Cübbenin nasıl ve nerede taşınması gerektiğine ilişkin üç beş ayda bir yapılan, kutsallık ile kilolarca ve litrelerce meslek onurunun dolup dolup taştığı, sel olup aktığı paylaşımlardan birini daha gördüm ve bu beni derin düşüncelere gark etti. Derin dediysem de yüzme bilmediğimden ancak boyun hizası kadar.

Millet cübbeyi elde, belde, omuzda, kolda, yolda, bilumum toplu taşıma vasıtaları ile ören ve tören yerlerinde açıkta taşıyormuş. Rahatsızlık muhtelif; cübbeyi elde taşımanın ayıplandığı kadar, açıktan reklam kokan hareketler içermesi dolayısıyla da eleştirenler var.
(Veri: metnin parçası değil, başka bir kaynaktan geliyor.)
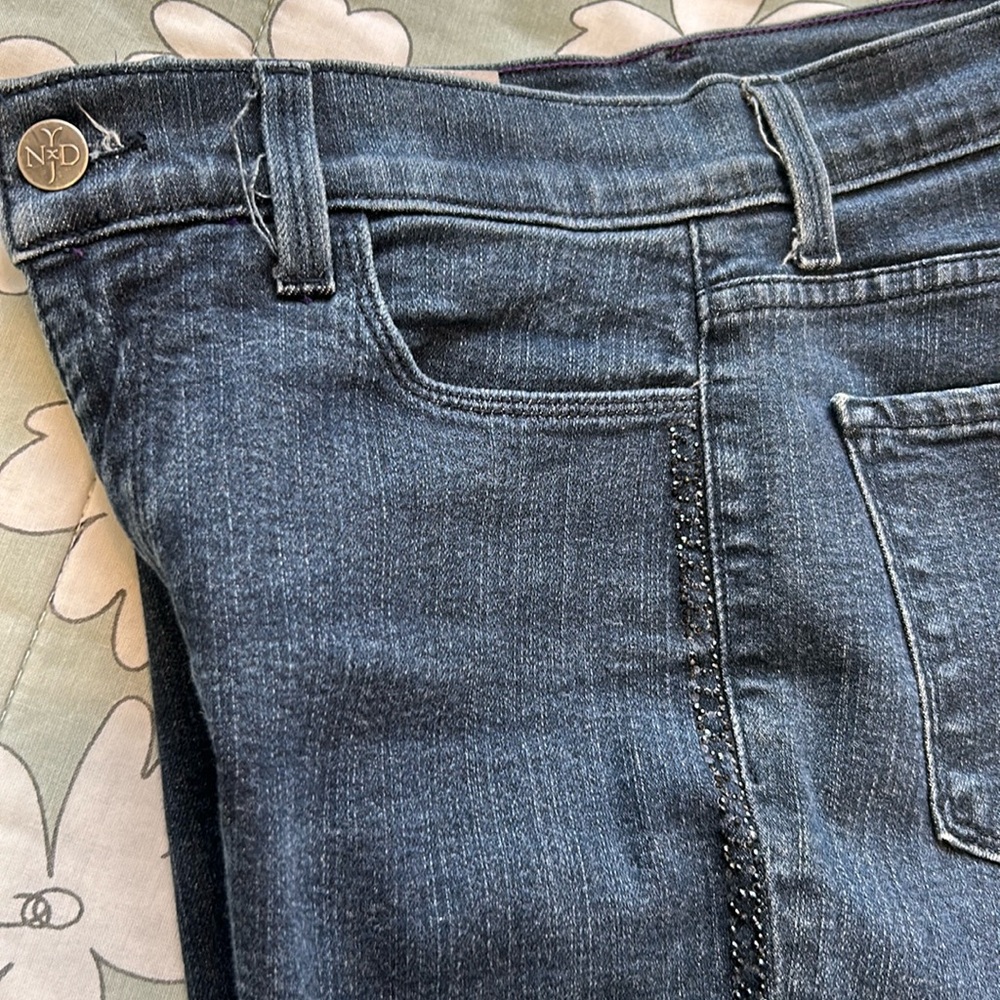 NYDJ Rhinestone Tuxedo Stripe Jeans Lift‎ Tuck Technology Dark Wash Blue 4P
Öte yandan cübbeyi dilsiz uşağa asıp karşısında, sabah, öğle, akşam ceketimizi ilikleyerek hafifçe belden bükülmek suretiyle, reverans yapmadığınız için eleştiri yönelten ve cübbe tapınağı şövalyeleri diyebileceğimiz aşmış masonik bir yapılanma da var. Genel olarak, Kutsal Cübbe Hareketi Bileşenleri olarak adlandırdığım bu kitle, farklı seviye ve tonlarda olsa da cübbenin kutsallığı ve kesinlikle çanta içerisinde katlanarak taşınması gerektiği konusunda hemfikirler.

Bu gruptaki arkadaşlara hep diyorum ki; avukatı avukat yapan cübbe değildir. Avukatlık cübbesi kullanımı ihtiyari olmalıdır, sadece genel kurul, yemin töreni, basın açıklaması, gösteri yürüyüşü yapılan vs. günlerde törensel olarak zorunlu tutulabilir. Böylece baro odasında cübbe ararken duruşma kaçırma, metrobüste kolunda cübbe taşıma, gece 23'te yapılan sorguda hakimden cübbeniz niye yok avukat bey/hanım sözleri duyma, adliye tuvaletlerinden cübbe toplama, plaj donunun üstünü örtmek için kullanma, cübbe üzerinden mesleki duyarlılık gösterme gibi tüm saçmalıklar sona erecektir.

Meslek onuru cübbe giymekle, cübbeyi katlayıp çantaya koymakla korunmaz; vicdanımızı, adalet duygumuzu ve ahlakımızı soyunmayalım yeter diyoruz, amma cübbenin çantaya konulması gerektiğinden öteye gidemedik. Cübbe kutsalsa ve çantaya konulması gerekiyorsa çanta da kutsaldır. Çanta meslek onurumuzdur gardaşım.